By Christopher Argent, Founder, GENCFO

Andrew Griffin

CFO

Bloc Ventures

Andrew Griffin has spent 17 years as a user of financial accounts as a public tech sector equity analyst, working closely with tech companies and their investors. The former software engineer and tech analyst is now CFO at Bloc Ventures, an investment firm specialising in deep tech companies.

Andrew studied engineering before training as a chartered accountant. His background has given him valuable insight into where the different approaches between accounts preparers and users diverge.

Preparers, he explains, are concerned with presenting a fair and accurate financial picture based on the previous years’ company records. Users, on the other hand, including investors, are concerned with analysing and interpreting these reports, identifying trends and any significant changes, and the reasons behind them.

Accountants, in particular, play a vital role in business finance in terms of reconciling accounts and ensuring accounts remain tax compliant, while CFOs are more of a wing person to the CEO and tend to be more forward-looking.

Even so, there are inevitable skills and knowledge gaps across these in-house, accountancy-based roles, which as a user of accounts, Andrew is all too aware of.

Spotting trends and financial forecasting

“Many CFOs tend to have a huge hole in their ability to look at a set of accounts, identify how they’ve changed from the previous year and to spot trends, particularly in financial forecasts,” Andrew explains. “The ability to communicate financial information concisely in stakeholder-friendly language can get lost for preparers of financial information, who are immersed in the detail. But that’s exactly what is needed when presenting your accounts and reports to analysts and potential investors.”

Communicating financial information concisely and in stakeholder friendly language for both Bloc Ventures and their portfolio companies forms a big part of Andrew’s role. Bloc Ventures specialises in the deep tech space, the technology behind digital economy companies, such as foundation software, hardware, semiconductors, etcetera.

Andrew’s primary focus is what he calls ‘readiness to raise’: building the financial base to show next round investors the basis for company forecasts: don’t just provide a revenue forecast, break it down into price and volume. This can cover everything from supporting companies in tracking pipeline metrics, recurring revenue and all its associated SaaS metrics, cash flow and even the format of profit and loss statements (P&L) which many UK tech companies get wrong.

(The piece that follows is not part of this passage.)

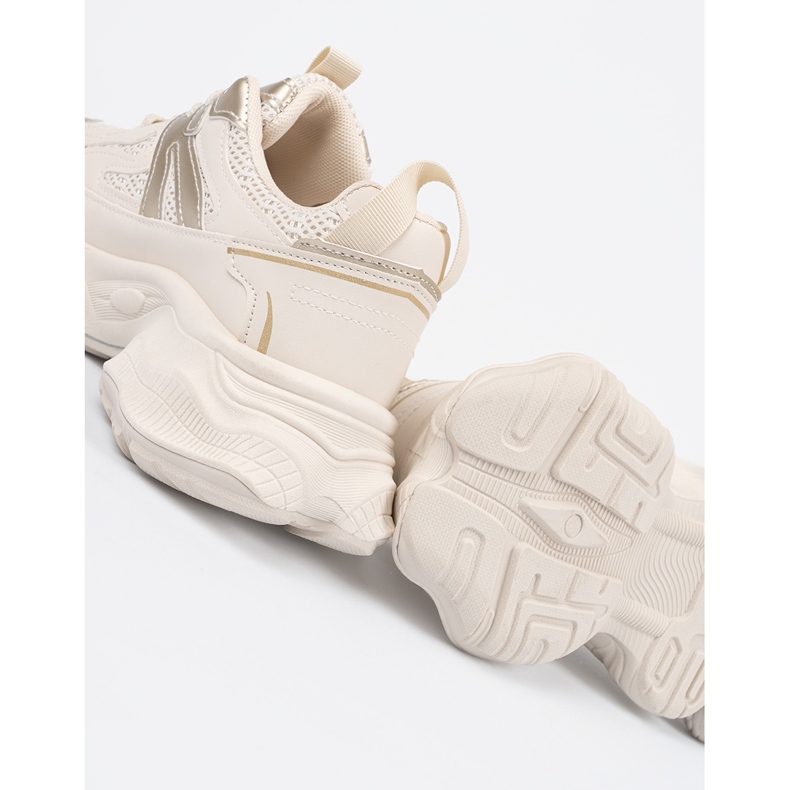 Világos bézs cipők egy vastag talpon 2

Financial reports and KPIs

For the eleven companies Bloc Ventures have invested in thus far, there is often a need to restructure financial reports and establish proper KPIs. This is where Andrew comes in. “As a user of accounts, I need reports to be extremely concise, to start with the conclusion and work back from there. That’s part of what we offer for our portfolio companies. We help them bring management accounts and forecasts to life, but concisely, to help companies explain to generalist investors what they’re actually delivering.” This involves pouring over financial reports, identifying trends and looking at any changes and anomalies while benchmarking performance data to potential competitors.

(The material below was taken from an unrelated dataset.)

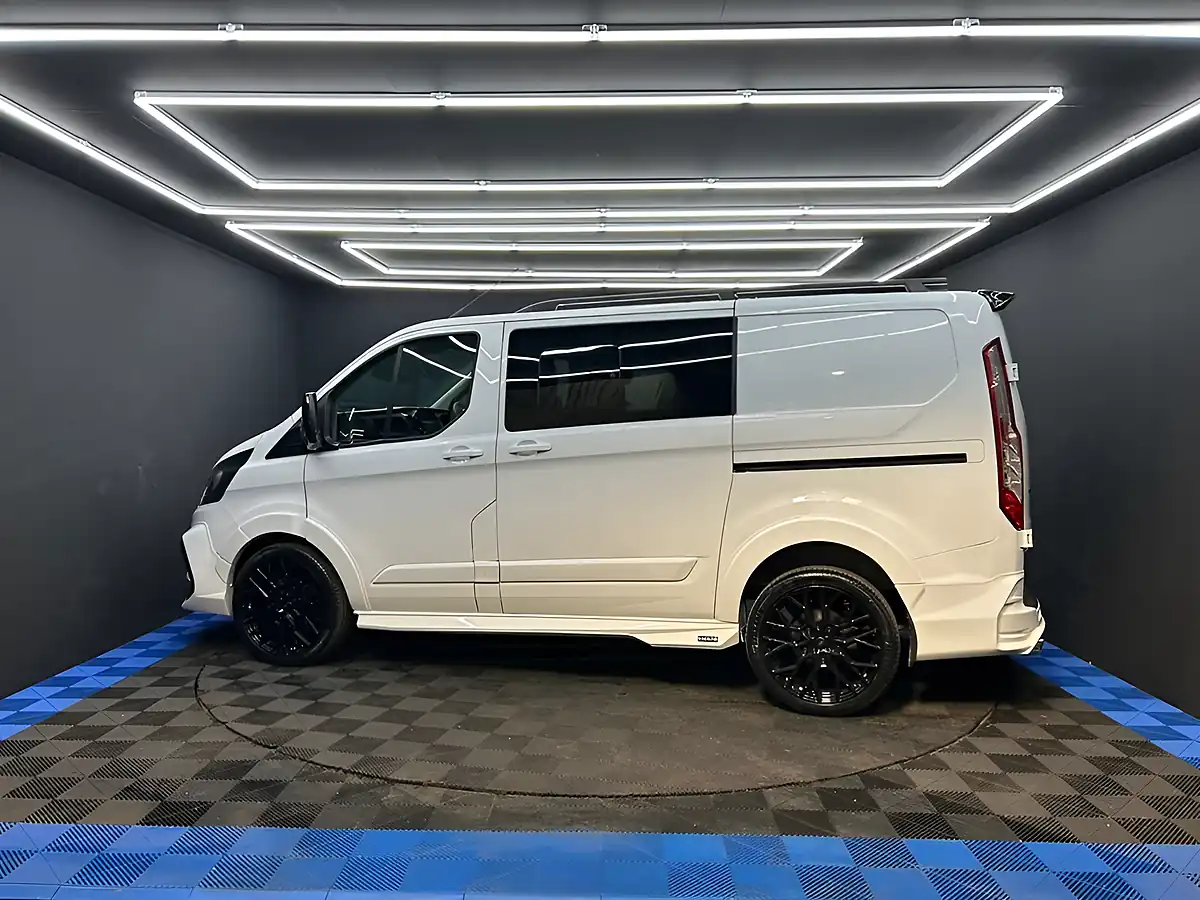 Used 2022 Ford Transit Custom Leader Crew Frozen White - Interior and Exterior details 16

“I’m not interested that your revenue was £100m this year. What I’m interested in is that it grew from £50m to £100m. It’s that change that’s important and what drove that change.”

For companies seeking funding, this additional insight and methodology are crucial. Andrew uses the example of a public company that claimed to investors that it doubled its revenue over the past 12 months. “But it then turns out that the company actually made an acquisition during the previous year, so their organic growth is actually only 10%,” Andrew explains. “A bad company will only report their doubled revenue, but a good company will identify the true nature of their underlying revenue growth, avoiding awkward questions on their analyst call.”

Venture Capital funded businesses naturally focus on growth, and Andrew often comes across companies where the finance team’s growth has lagged behind the wider organisation. There is usually a compulsion to solve this using technology, particularly by upgrading from a basic cloud-based product to an ERP or ERP-like solution.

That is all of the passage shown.